⚖️ Estimer un projet de bâtiment en s'amusant grâce à l'agile
Cet article fait partie de la formation gratuite Agile pour l'architecture, n'hésite pas à t'y inscrire pour t'aider à mettre en place l'agile sur tes projets.
Il n'est pas toujours fréquent dans la construction d'estimer précisément le temps passé à concevoir en tant qu'architecte, ingénieur ou BIM manager.
Cela est sans doute dû à la manière de facturer un projet en tant que maître d'œuvre, qui est souvent forfaitaire et donc ne demande pas de prouver le temps passé à son client.
Néanmoins, il est important d'estimer le temps ou du moins la complexité d'une tâche.

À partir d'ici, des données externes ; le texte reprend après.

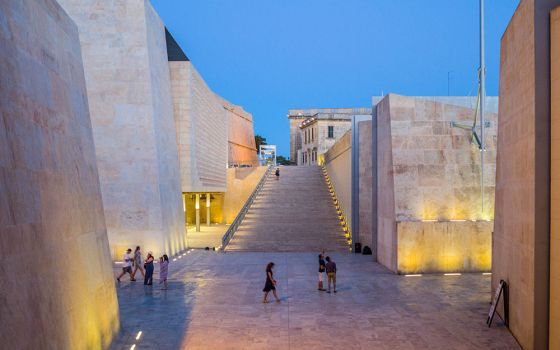 The Valletta City Gate in Malta (Wikimedia Commons/Didi8600)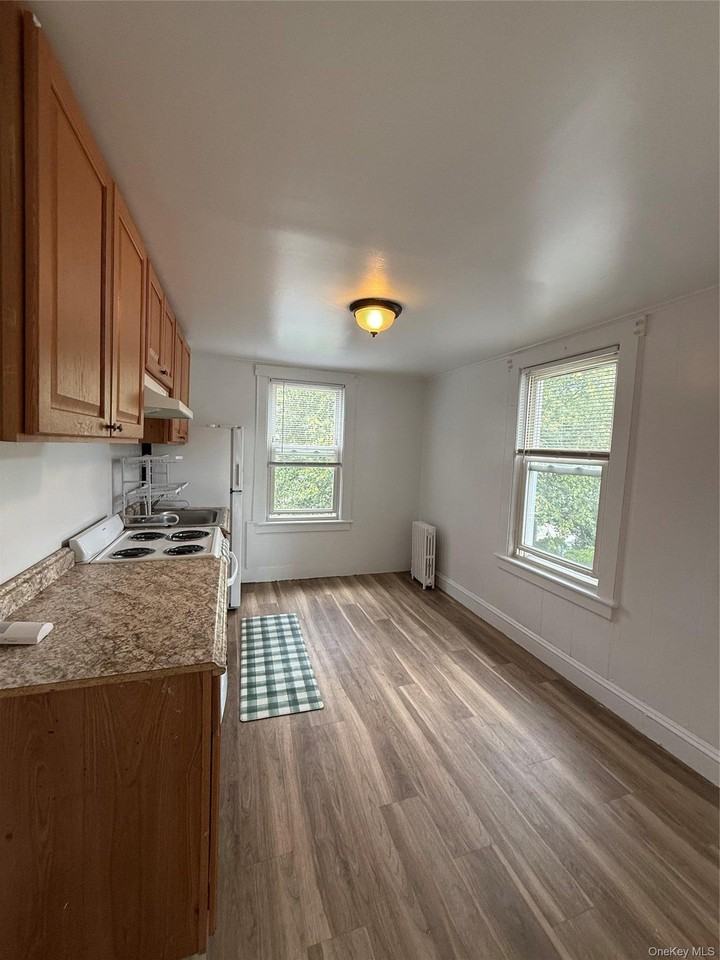 604 1st Ave - Photo 4 of 18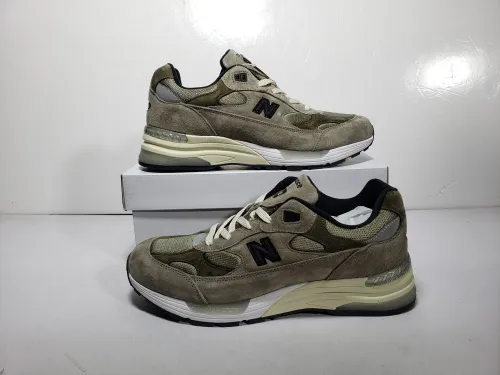 Obosneaker QC pics ：New Balance 992 JJJJound Grey M992J2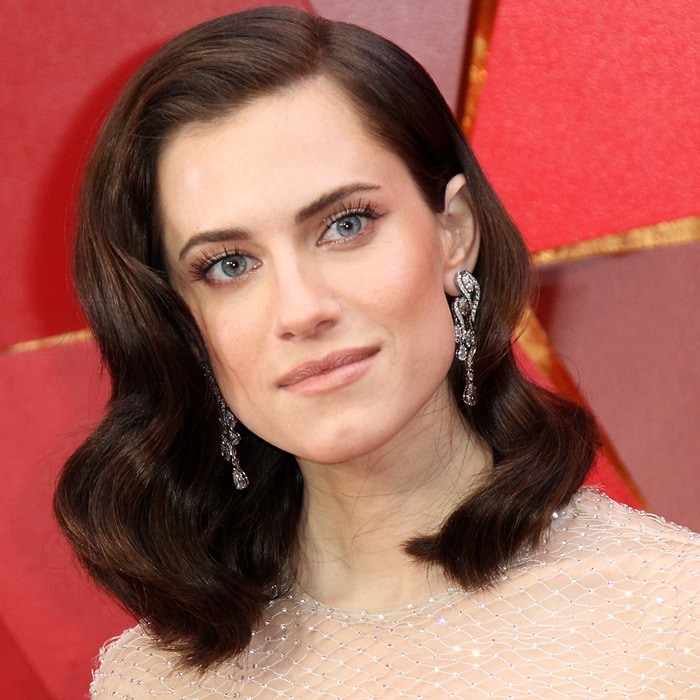 Allison Williams with elegant waves and a deep side part at the 2018 Oscars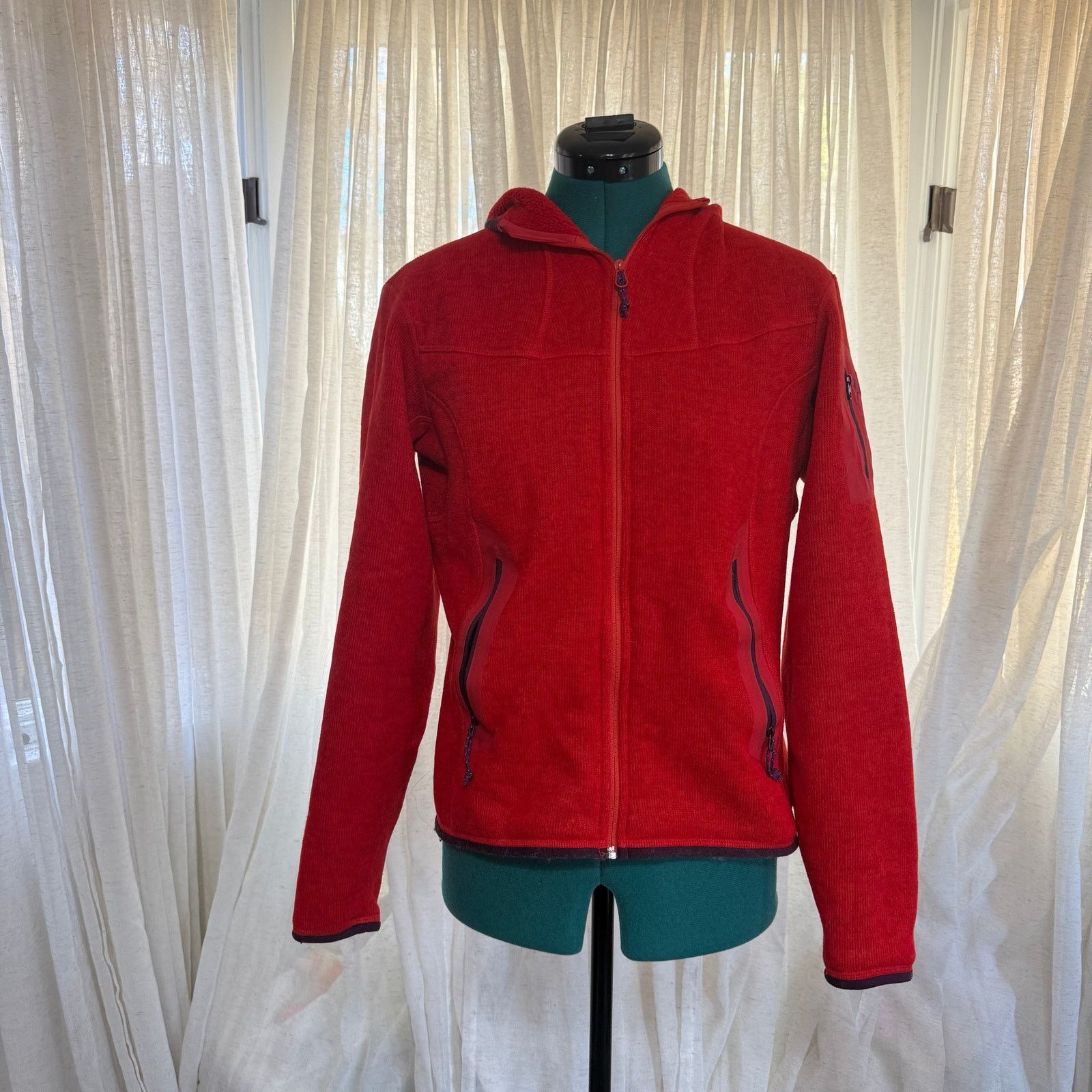 Arc'teryx Arc'teryx Red Fleece Zip Hoodie | Sz M Size M / US 6-8 / IT 42-44 - 2 Thumbnail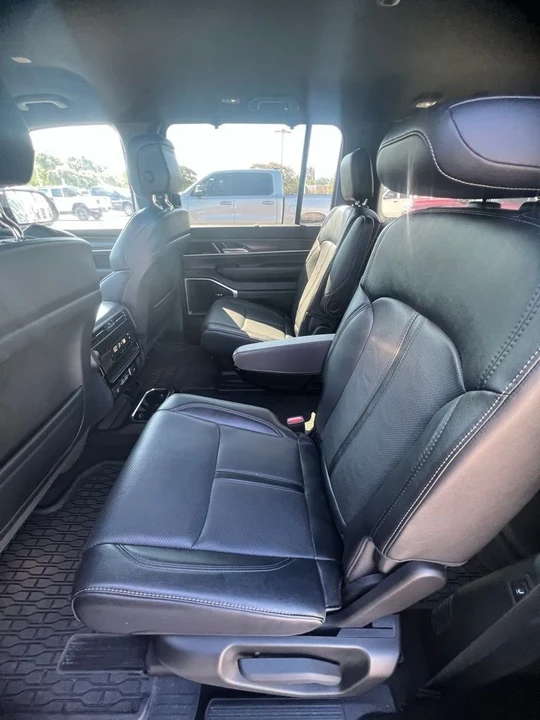 2023 Jeep WS Wagoneer - Image 9 of 12
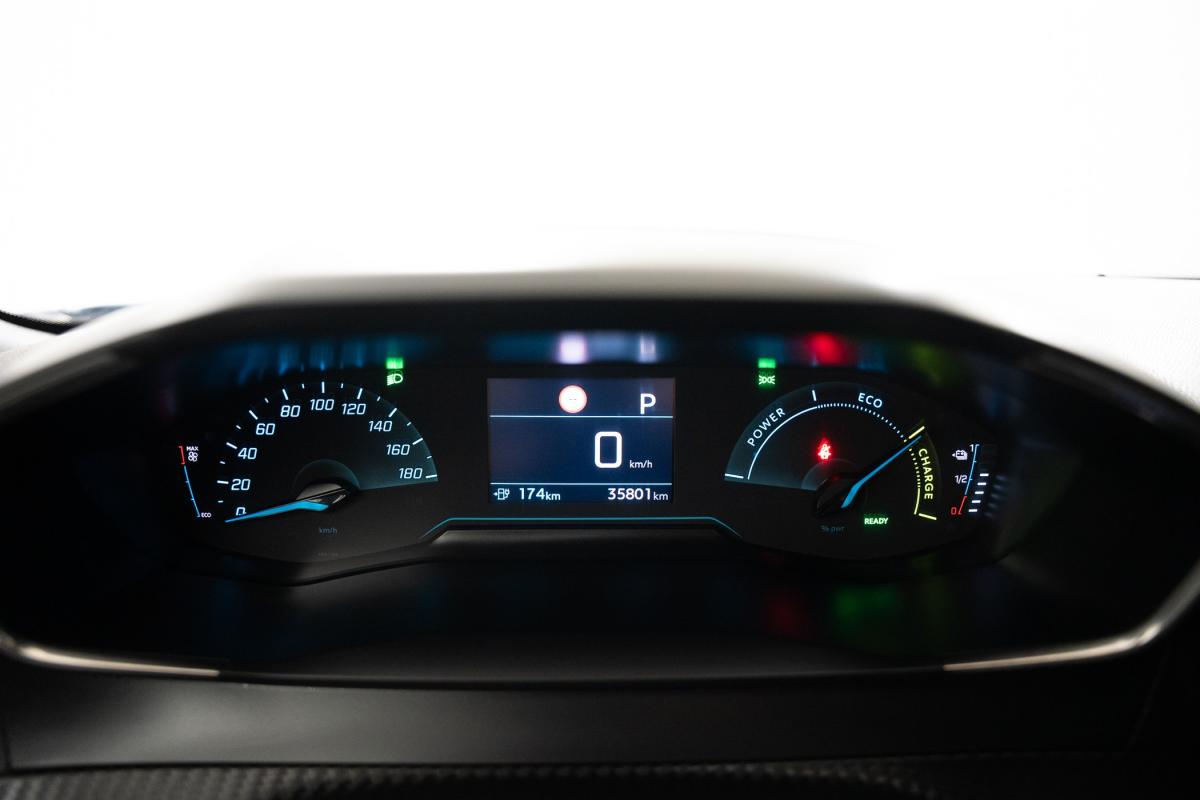 peugeot-2008-2023-eletrico-500cc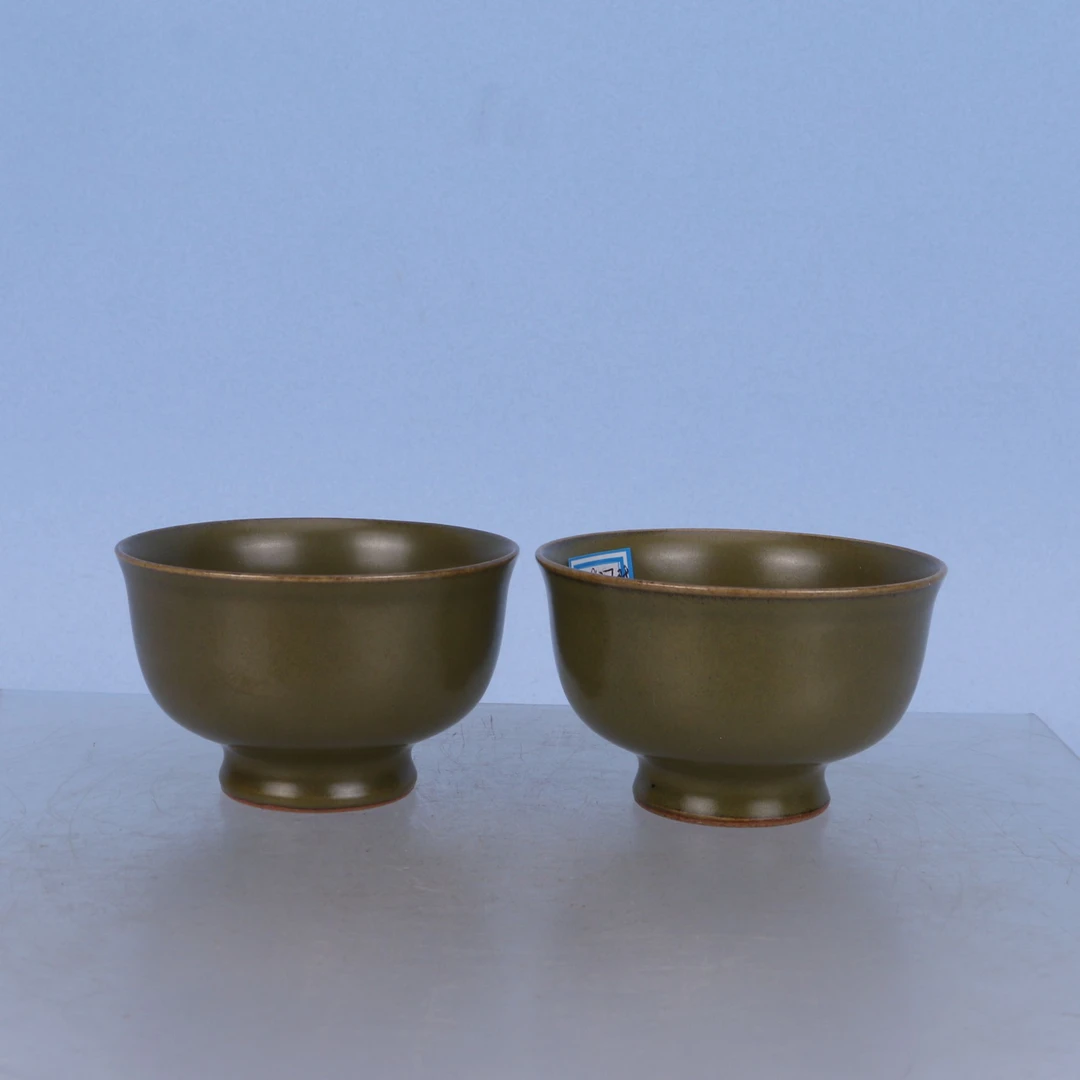 Lot1115  清中期  茶叶末釉主人杯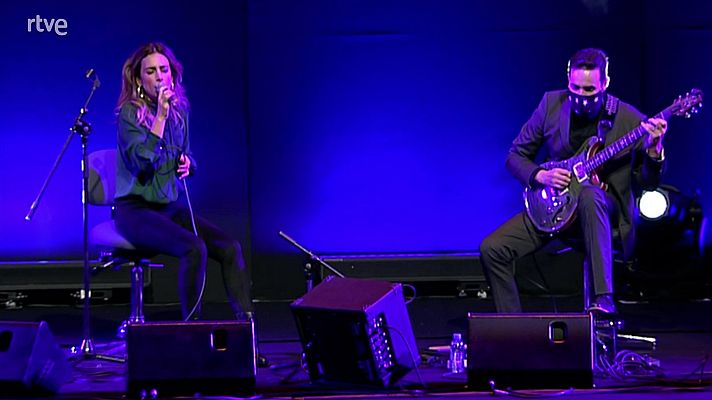 Las noches del Monumental - Verónica Ferreiro &Javier García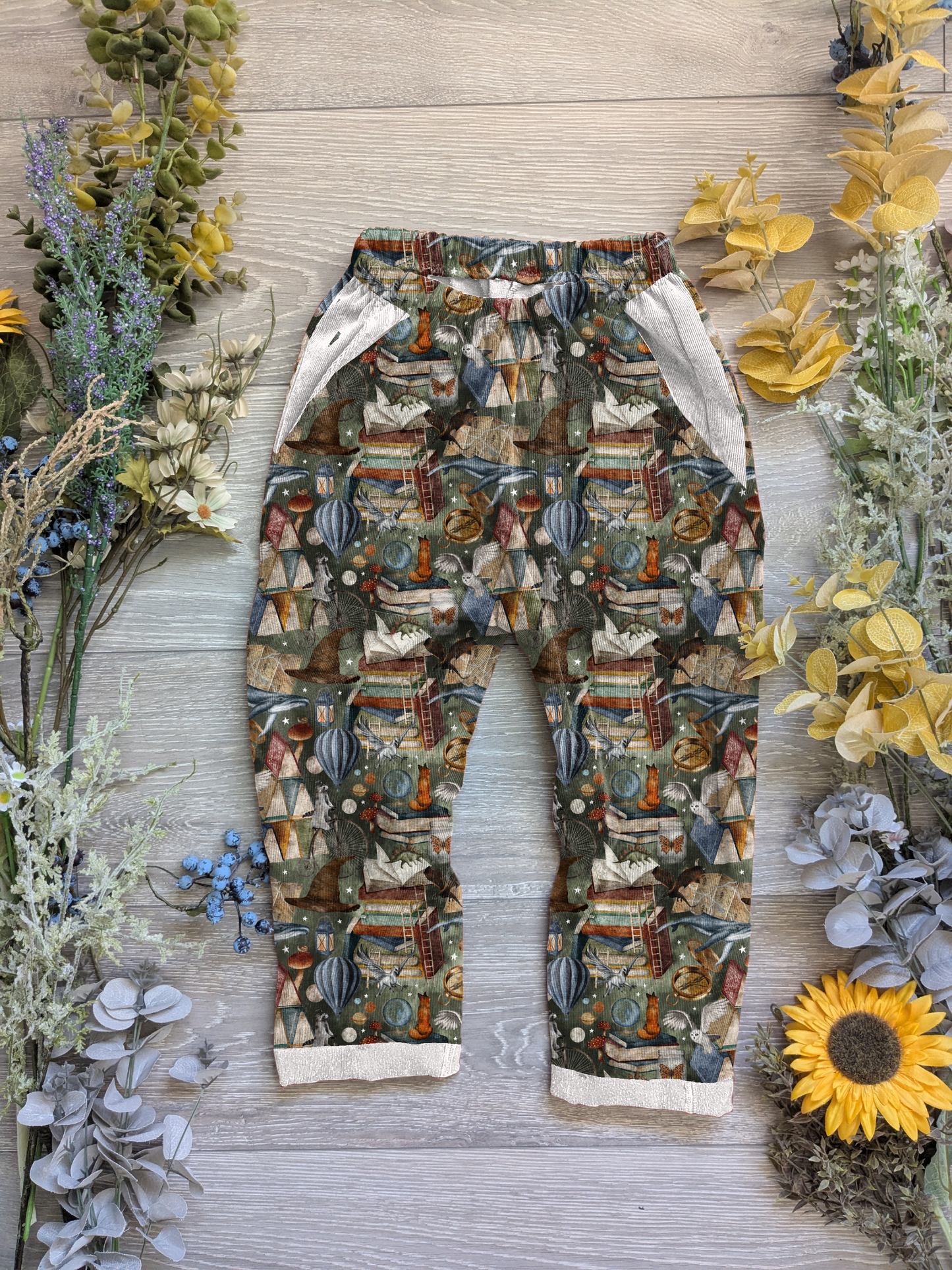 The world of imagination Vintage trousers with elastic in band - Sunshine and Raebows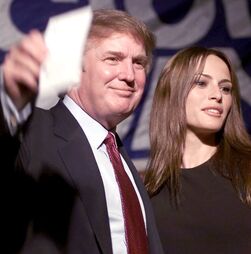 Melania Trump ameaça Hunter Biden com processo por comentários sobre Epstein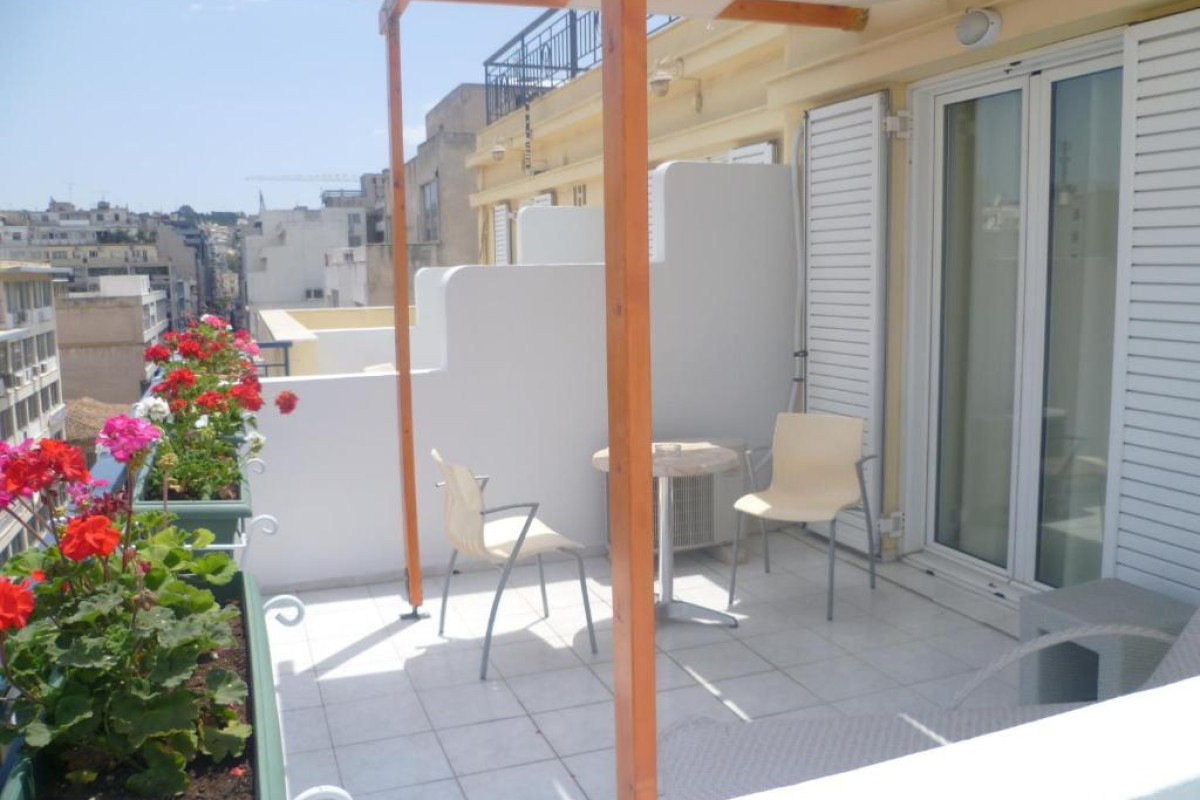 Triton Hotel Piraeus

Ceci afin de pouvoir travailler par itérations agiles et d'éviter l'effet tunnel.
C'est-à-dire le fait d'être bloqué sur une tâche sans que le client ou les autres intervenants ne voient de résultats et ne puissent infléchir le projet dans une direction ou une autre.
Pourquoi estimer ?
Mais d'abord, il faut se demander pourquoi il est important d'avoir un chiffre qui nous donne une idée de la complexité ou du temps passé à travailler sur un sujet.
Car hors du contexte de l'agile, on pourrait penser qu'estimer c'est finalement utiliser une méthode un peu "old school". Que c'est aussi nous contraindre vis-à-vis de nos supérieurs ou clients. En effet, si on annonce un temps estimé, nos chefs de projets vont s'en souvenir. Et si les choses ne se passent pas comme prévu, ce qui dans le bâtiment est monnaie courante, il faut l'avouer, cela risque de jouer contre nous !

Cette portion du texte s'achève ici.